Data provided below:
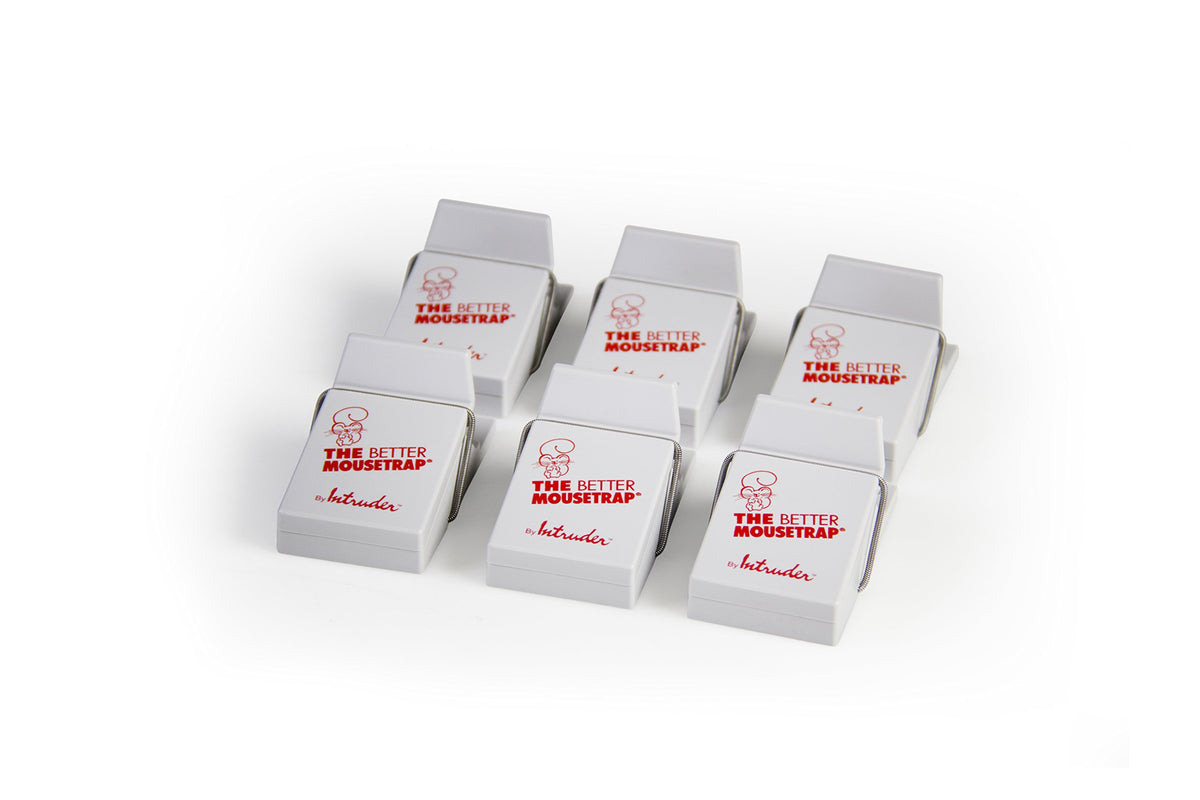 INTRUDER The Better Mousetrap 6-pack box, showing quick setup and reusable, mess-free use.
End of Data provided.
Data provided below:
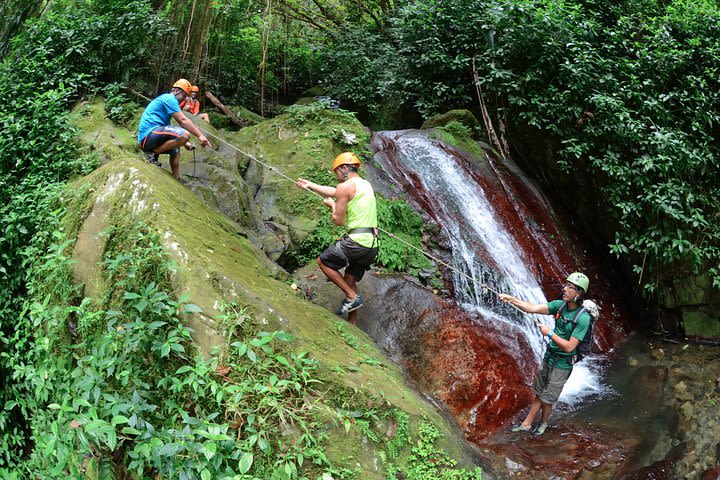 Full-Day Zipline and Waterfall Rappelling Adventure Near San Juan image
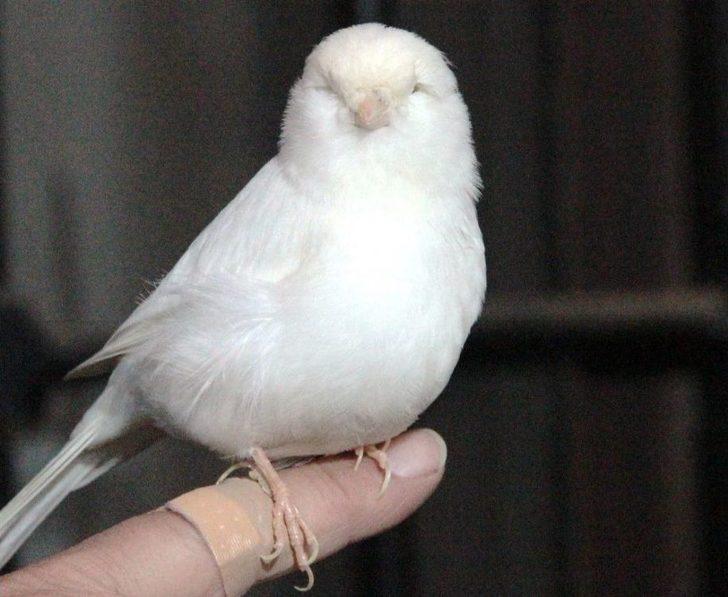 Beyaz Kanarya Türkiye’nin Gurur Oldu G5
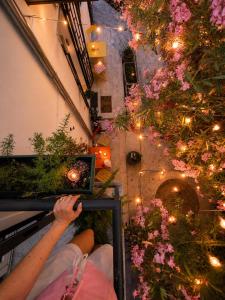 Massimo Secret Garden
End of Data provided.
Prompt.
Give again the stretch of the entries above that begins at the line with "Beyaz Kanarya Türkiye’nin Gurur Oldu G5" and ends at the line with "Massimo Secret Garden", word for word, with no pictures.

Finished exercise.
 Beyaz Kanarya Türkiye’nin Gurur Oldu G5
 Massimo Secret Garden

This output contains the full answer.